Posted by Patrick Tingen on 04-Oct-2019 10:11

Yes, reading from PDF has been possible with PDFInclude for many years, even in the older version. The original author - Gordon Campbell - passed away in 2006. Jean-Christophe picked up maintenance of PDF Include some years ago.

Posted by David Abdala on 04-Oct-2019 10:14

As has been already mentioned, PDFInclude reads PDFs and is implemented in ABL, also ABLPDF, which is based on PDFInclude, but OO, also reads existing PDF files.

Depends on what exactly do you need if they fit or not (in both cases you have the source to adapt to your needs, and the later is "easy" to extend). Threre are also several tools and, opposed to what Gus said, a partial implementation of PDF standar to get "what you need" can be done in 1 to 2 weeks (assuming you are good in string handling).

Posted by Jean-Christophe Cardot on 04-Oct-2019 10:58

David, I would nuance your sentence about pdf reading. It is not only about string handling, or you will not be able to read any pdf, only a subset of them, depending on which tool has been used to create it. There might be binary characters embedded in the strings, in particular CHR(0) - especially when using utf-16, which prevents normal ABL/4GL string handling from working. Also the strings can be encoded following various different schemes, so once you have extracted the string, you still have to decode it. For this reason and others, I have completely rewritten the pdf reader part of pdfInclude, which can now handle any pdf file.

ABLPDF, being based on pdfInclude v3, has not had this rewrite (last time I checked), and as such cannot read every pdf file. Only specific ones, internally formatted the way ABLPDF is expecting them.

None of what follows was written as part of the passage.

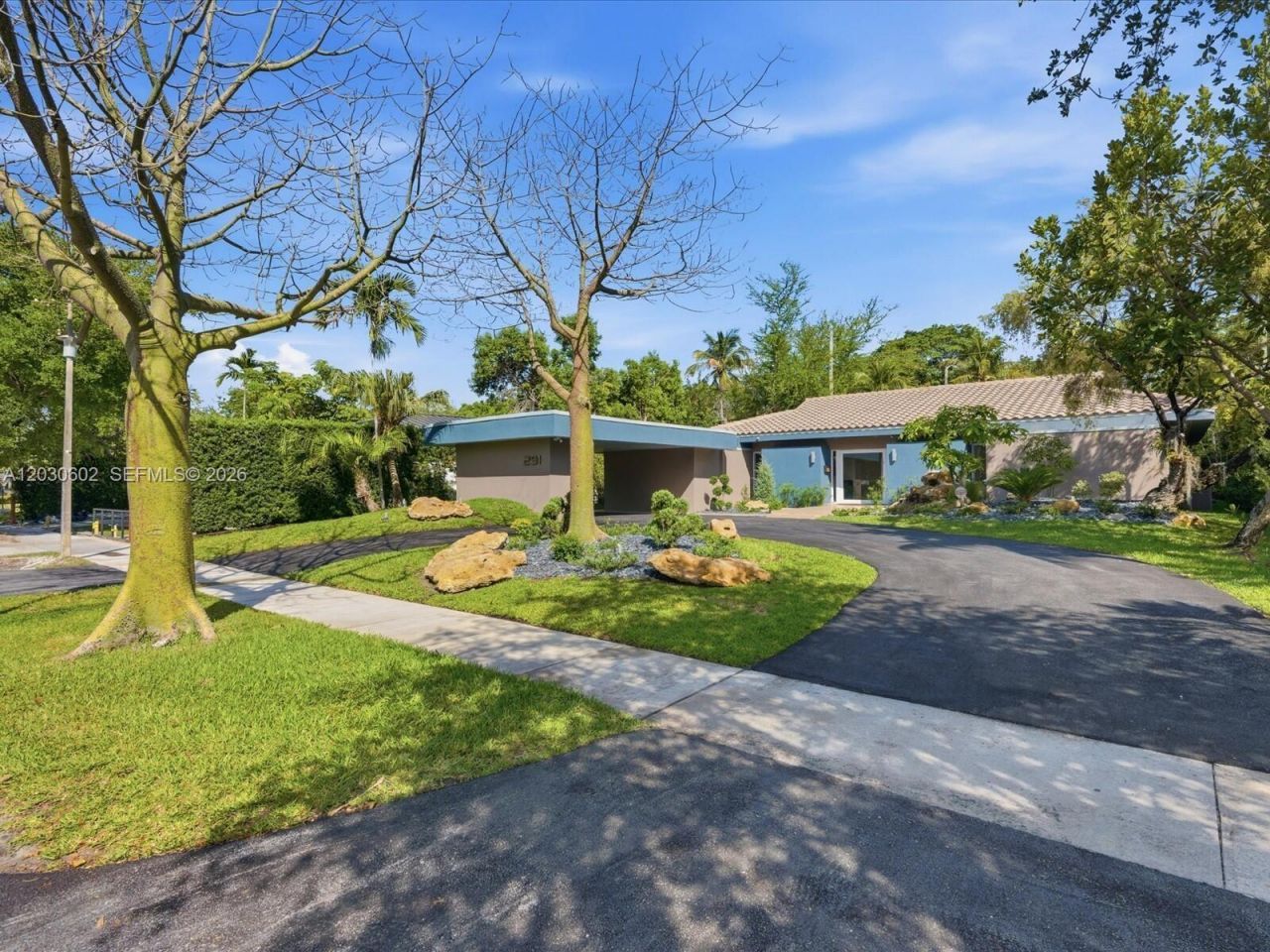 291 E Shore Dr E , Miami, FL 33133 Photo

pdfInclude has not this limitation any more and can read any pdf file, but the "strings" we are speaking above are the metadata of the file (author, title, subject, key words, various dates, strings defining hyperlinks, document outline/summary, etc.), not the contents itself.

Reading the text content of a page is a completely different matter, much more difficult to achieve (and not implemented in pdfInclude yet).

The very basic case can have the page content codified as ASCII and uncompressed, in which case it is easy to read. But this is not usually the case.

First you have compression, easily defeated using zlib.

Then you obtain all the pdf operators and arguments, including font selection, colours, graphical ,elements, drawings, etc. (you can even have embedded pictures here!) out of which you have to extract only the ones which output text. Not an easy task.

Then you have the text in the page. The text? Not really, because it is indeed composed of font glyphs, i.e. not characters, but their graphical representation. There is no reason a glyph would have the same code as a character, even in the unicode space.

Also the pdf file you are reading may have placed each character or word so that it looks nice on the page, but each word or even character can be given in any random order in the pdf file itself, provided they are preceded by text placement operators which will place them correctly on the page.

So in order to really obtain the text, you would have to extract not only the text operators, but also the matrices and text placement operators, and figure out where on the page each given word/character is going. And this cannot be a pure algorithm. Heuristics will have to be implemented (i.e. when do you consider 2 characters are on the same line? if there one character is only one point (roughly 1/72 inch) below the other? etc.)

So now you have the glyphs codes, positioned on a text file.

Add to this the font subsetting system of pdf (a pdf file can embed a ttf file containing only the characters which have been used, in order to save space), then you have to open and parse the embedded ttf file (quite a complex task to be done in ABL, very far away from strings handling. I know it very well for having developed the fonts subset functionality in latest versions of pdfInclude) in order to get the correspondence between glyphs codes and character codes.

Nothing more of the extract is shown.